What a relief that Center on Wrongful Convictions co-founder Larry Marshall will handle the appeal of Purvi Patel, an Indiana woman unjustly sentenced to 20 years in prison for feticide and neglect of a child. I have been closely following this case, on behalf of the CWC Women’s Project and out of great personal interest, and every aspect is disturbing—from the nature of the charges to the holes in the prosecution’s evidence to the sentence imposed.

The defense contended that Ms. Patel miscarried and that her baby was stillborn; if this is true, obviously there was no crime. As it happens, nearly two-thirds of proven wrongful convictions of women were in “no-crime” cases.

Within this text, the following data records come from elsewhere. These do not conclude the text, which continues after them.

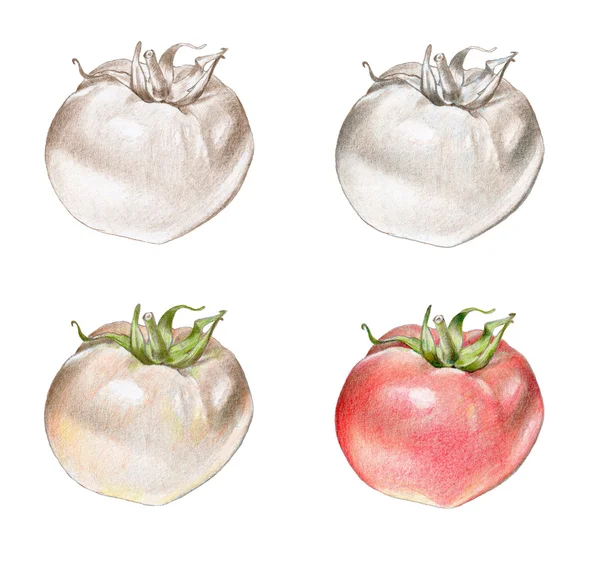 Ilustração desenhada à mão de um tomate — Fotografia de Stock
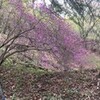 こちら葛飾区水元公園前通信８７３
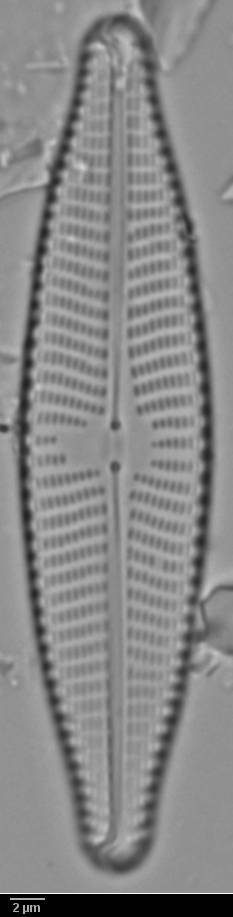 k2(1)-lm-120-sc, Кольский р-н, Murmansk Oblast (Russia)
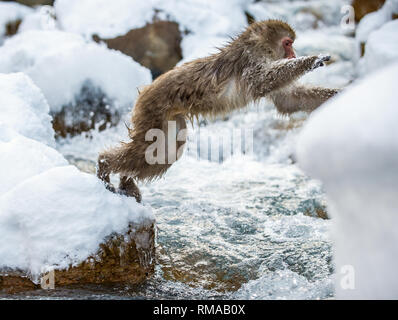 Japanischen Makaken in springen. Macaque springt durch eine natürliche heiße Quelle. Winter Saison. Die japanischen Makaken, Wissenschaftlicher Name: Macaca fuscata, auch bekannt Stockfoto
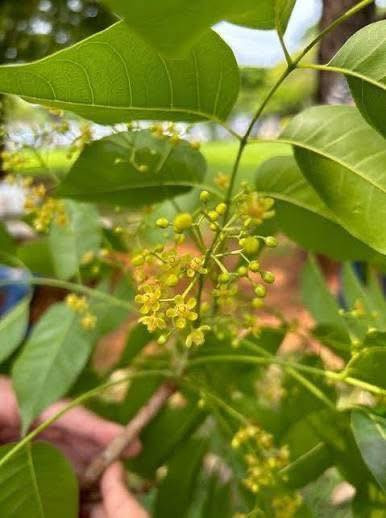 مشتل بيروميا 🌿
توفرت شتلات شجرة الماهوكني الأفريقي

S. wietenia mahogani ✨🌳

💰 السعر: 10 آلاف

📏 الارتفاع: من 60 إلى 70 سم تقريباً

🚚 التوصيل: متوفر إلى جميع المحافظات

🌿 المواصفات:

▪️ من الأشجار الفخمة والنادرة جداً

▪️ أول مرة تتوفر بهذا الحجم والجودة

▪️ تمتاز بسرعة نموها وجمال أوراقها اللامعة

▪️ تعتبر من أفضل أشجار الظل والزينة الراقية

▪️ خشبها معروف عالمياً بالقوة والفخامة

☀️ التحمل:

▪️ تتحمل الأجواء الحارة والشمس

▪️ مناسبة للحدائق والمزارع والبيوت الواسعة

💚 الفوائد:

▪️ تعطي منظر ملكي وفخم للمكان

▪️ تكبر لتصبح شجرة عملاقة وجذابة

▪️ تضيف ظل ممتاز ولمسة استوائية مميزة

▪️ من الأشجار المطلوبة والنادرة عند محبين النباتات النادرة 🌴✨

📞 للحجز والاستفسار: ***********

مشتل نباتات نادرة 🌱

نوفر لكم النباتات والأشجار المميزة والنادرة دائماً ✨
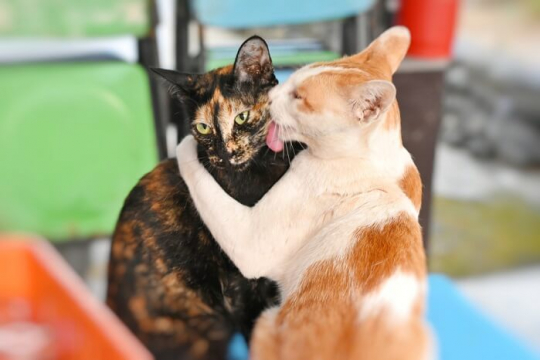 Pourquoi les chats se toilettent-ils entre eux ? Raisons pour lesquelles les chats se toilettent en société.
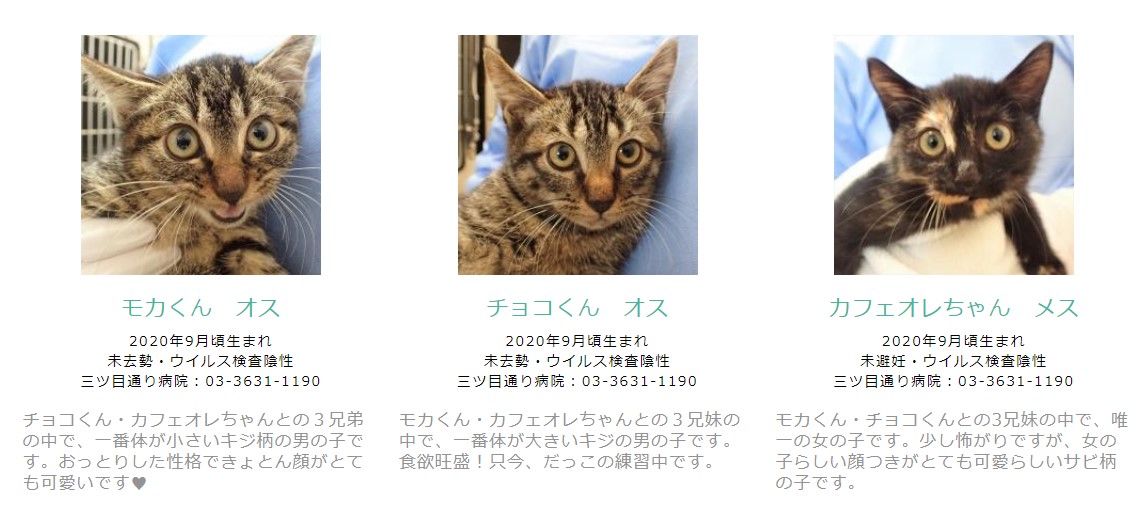 猫の里親になって下さる方を募集しています 新着情報 苅谷動物病院グループ 東京 市川市に5つの病院を展開 年中無休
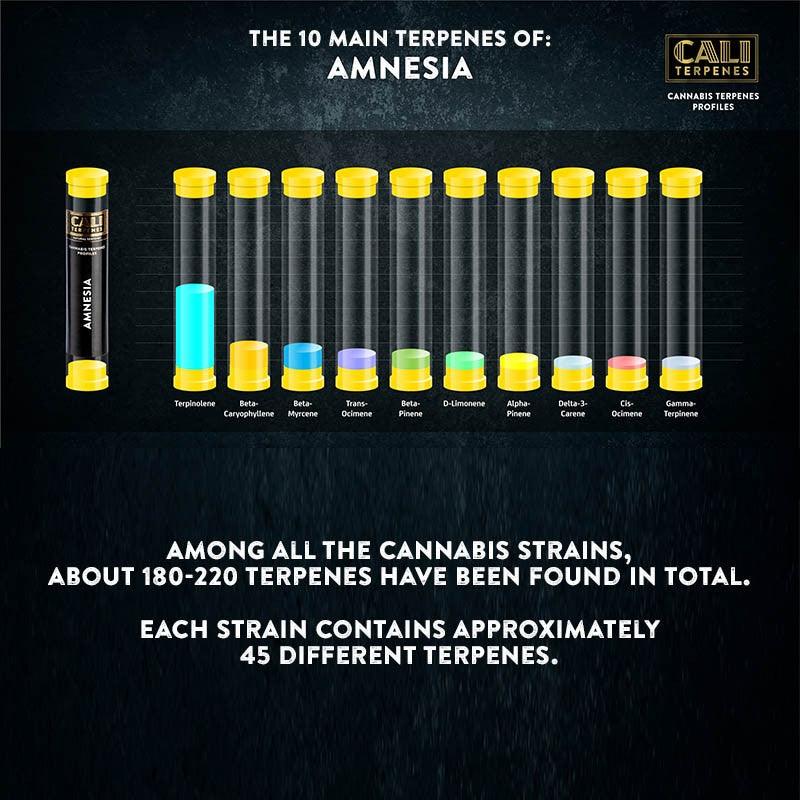 Cali Terpenes - Amnesia, 1 ml - D Vape Store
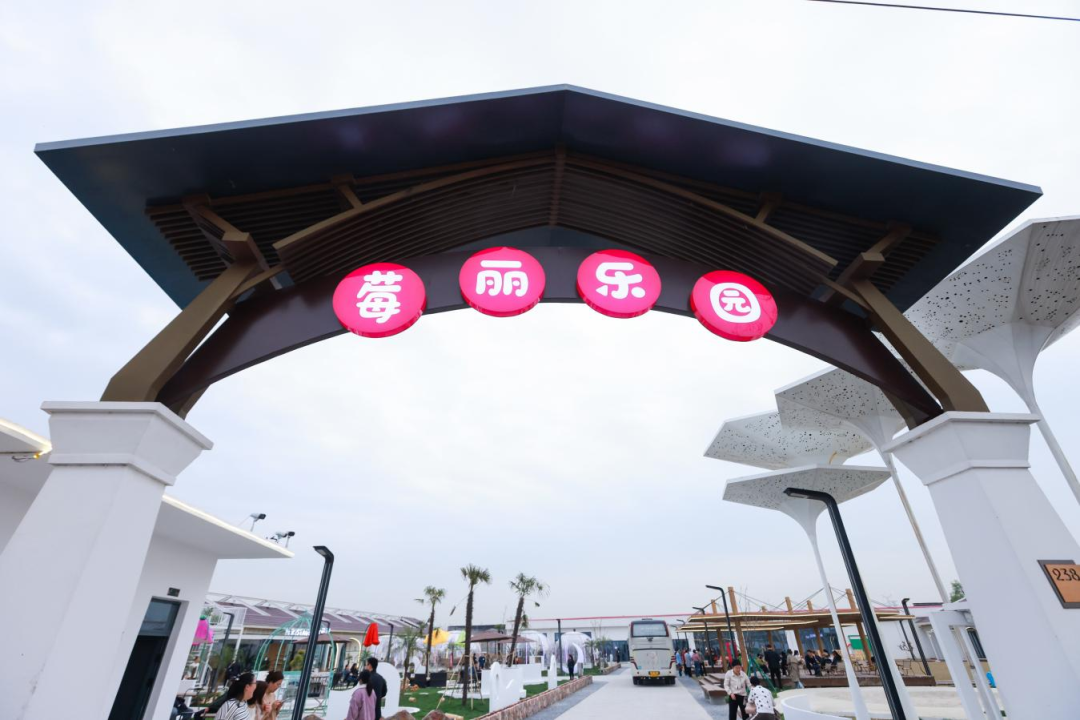 正文图片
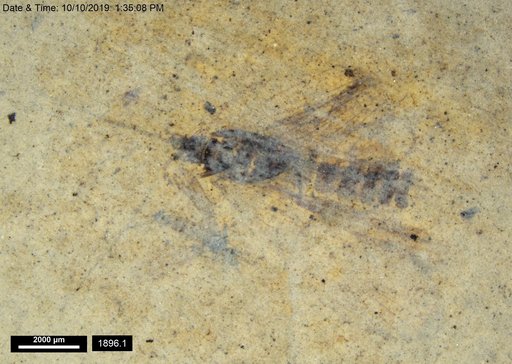 Genus sp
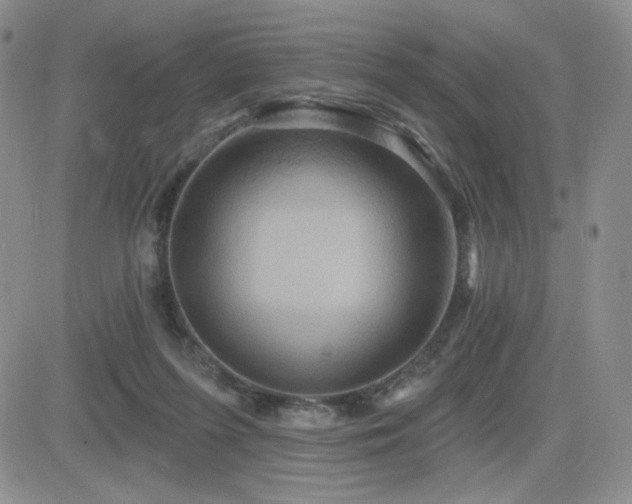 X0000084520215200702231143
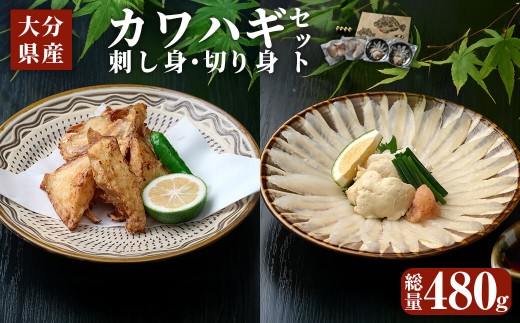 大分県産 カワハギ 刺身 ・ 切身 セット (総量480g) かわはぎ 刺し身 切り身 鍋 小分け 冷凍 魚 国産 【opbe001】【水元】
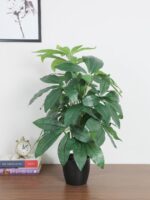 2.2Ft Artificial Pachira Plants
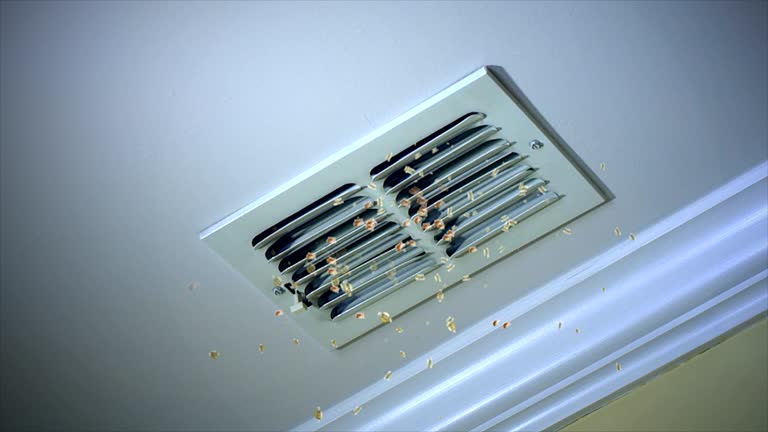 Best Dryer Vent Cleaning Services  in Union City, NJ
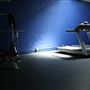 Free Spirit Boxing & Fitness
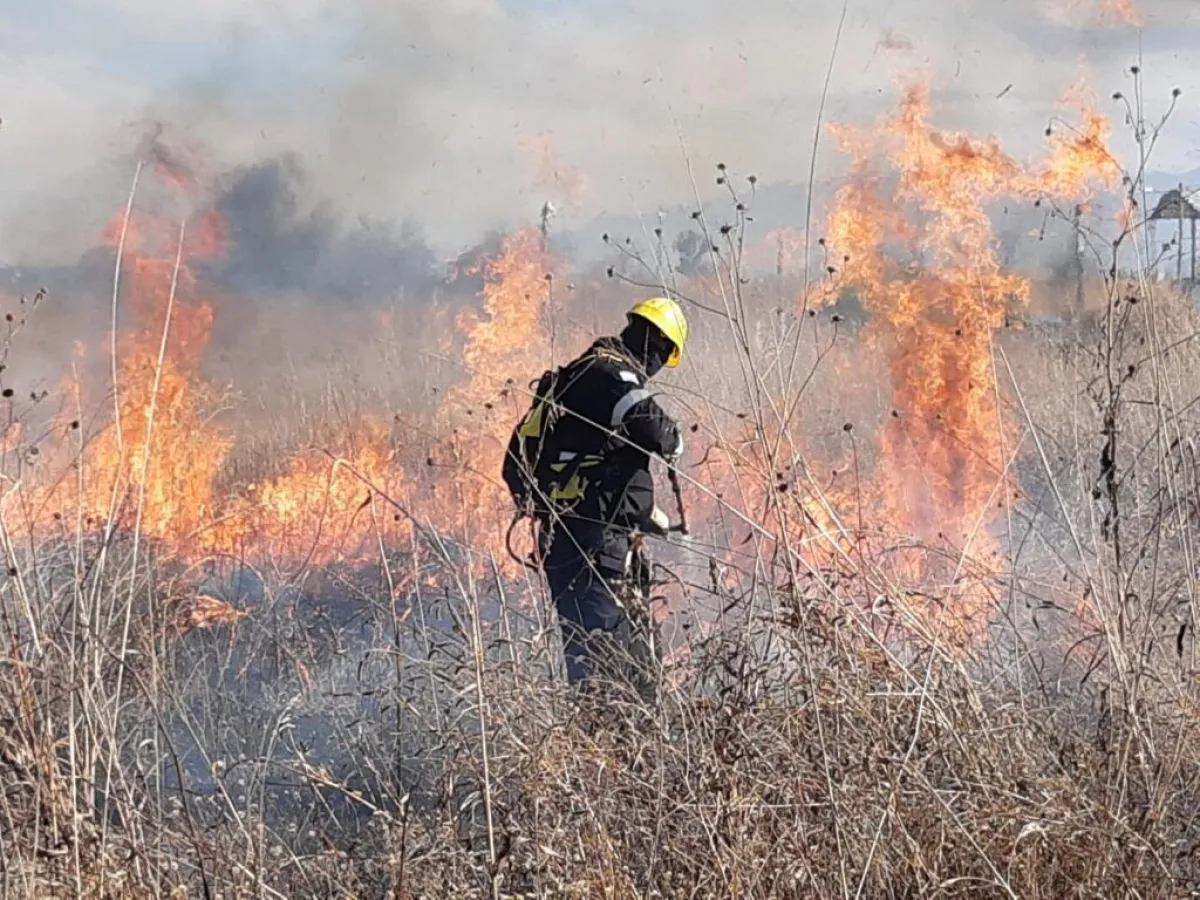 Control del fuego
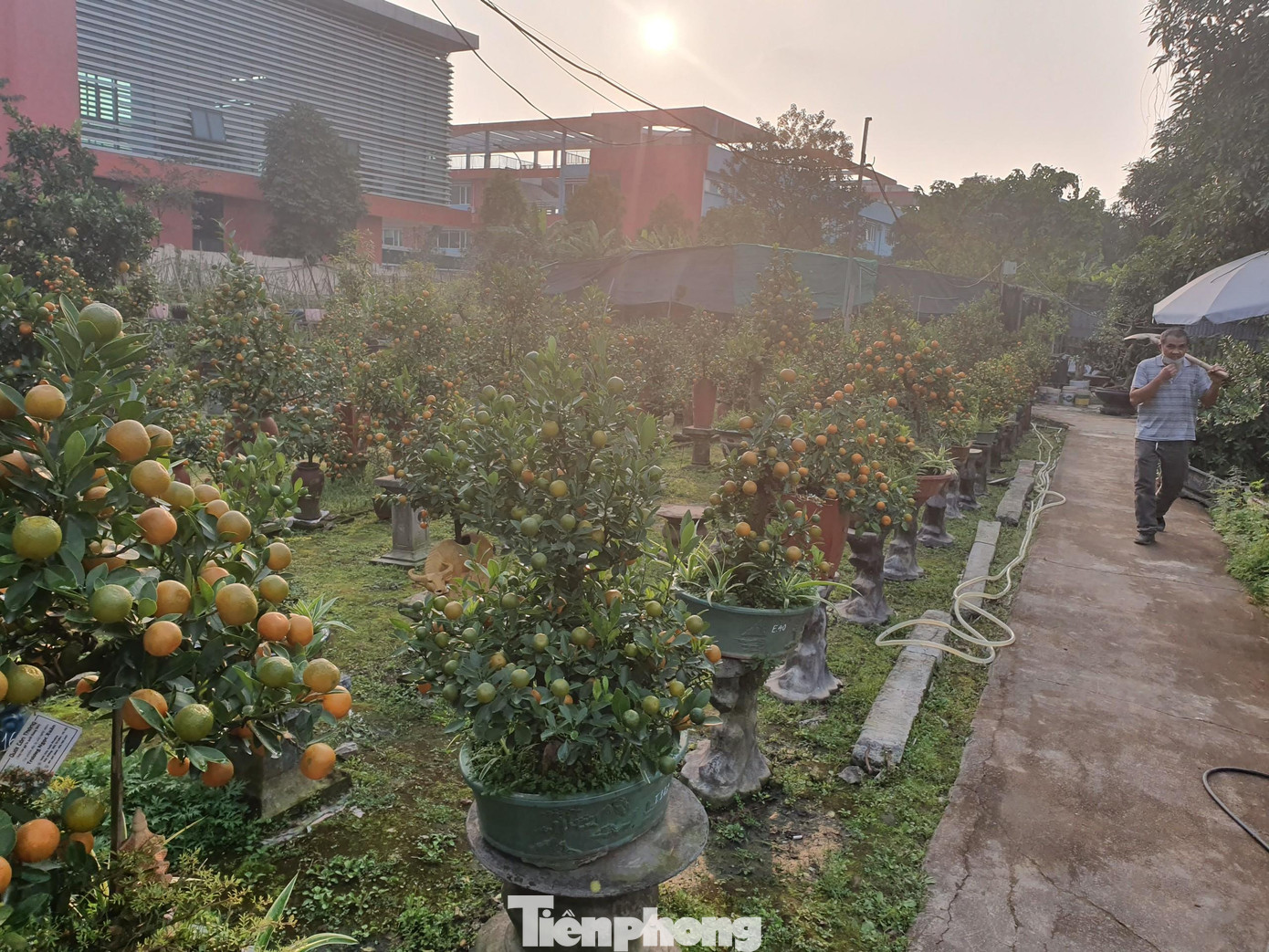 Để phục vụ khách chu đáo, chủ vườn còn sáng tạo nhiều cây nhỏ (có giá từ 2-4 triệu đồng).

The prosecution’s theory was that Ms. Patel committed feticide by taking illegal abortion drugs, and, incongruously, that she committed neglect by delivering, at home, a live but very premature baby who died a few seconds after birth. The evidence supporting this theory was highly problematic and Larry will certainly bring out its weaknesses during the appeal. Indeed, Ms. Patel could hardly have chosen better in engaging Larry as pro bono appellate counsel. What is chilling about this case, though, is the unveiled threat to women that once they become pregnant, they lose autonomy over their own lives and may be criminally liable if they are deemed to have fallen short in guaranteeing a healthy birth.

Ms. Patel’s sentence is every bit as outrageous as the charges. In what universe does a woman with no criminal background, who was hiding her pregnancy due to fear of her family’s disapproval, deserve twenty years behind bars for neglect because she panicked after her baby came early? Most rapists and batterers get off with much less.

Some folks in criminal justice consider wrongful convictions to be “wrong person” cases, in which all that was wrong with the prosecution was the identity of the defendant. The Purvi Patel case, however, is an equally invidious type of “wrongful conviction” in which most likely there should have been no prosecution at all.